* [Assigned task] For the listing below, output exactly the lines from the line with "Bob Dylan 1st" up to and including the line with "Motorkap van Carbon", and no other lines.

* [Data excerpts]

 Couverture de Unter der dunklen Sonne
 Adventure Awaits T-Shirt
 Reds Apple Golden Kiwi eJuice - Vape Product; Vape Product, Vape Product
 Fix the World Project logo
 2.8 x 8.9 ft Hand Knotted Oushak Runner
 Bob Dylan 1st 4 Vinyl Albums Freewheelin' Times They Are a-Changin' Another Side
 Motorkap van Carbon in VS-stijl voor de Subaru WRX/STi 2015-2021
==
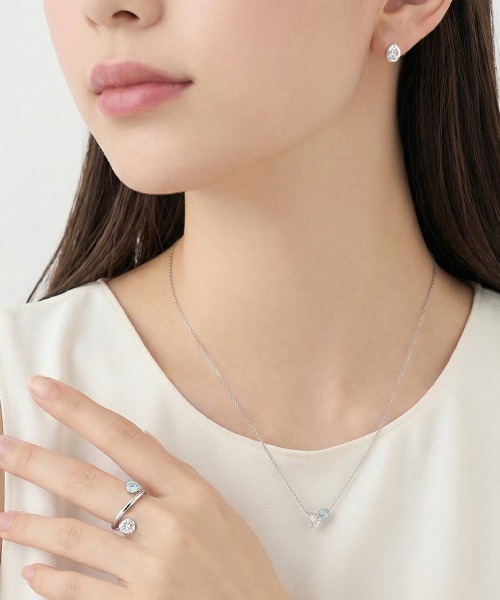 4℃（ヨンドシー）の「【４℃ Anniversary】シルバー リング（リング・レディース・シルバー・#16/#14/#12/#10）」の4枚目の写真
--
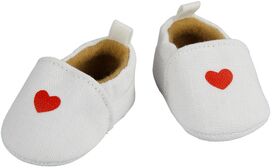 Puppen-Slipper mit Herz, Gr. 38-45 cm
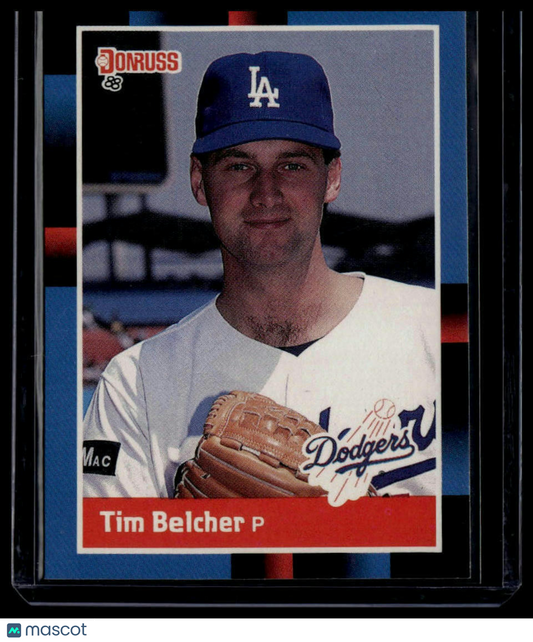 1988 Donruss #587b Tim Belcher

* [Output of the task]
 Bob Dylan 1st 4 Vinyl Albums Freewheelin' Times They Are a-Changin' Another Side
 Motorkap van Carbon in VS-stijl voor de Subaru WRX/STi 2015-2021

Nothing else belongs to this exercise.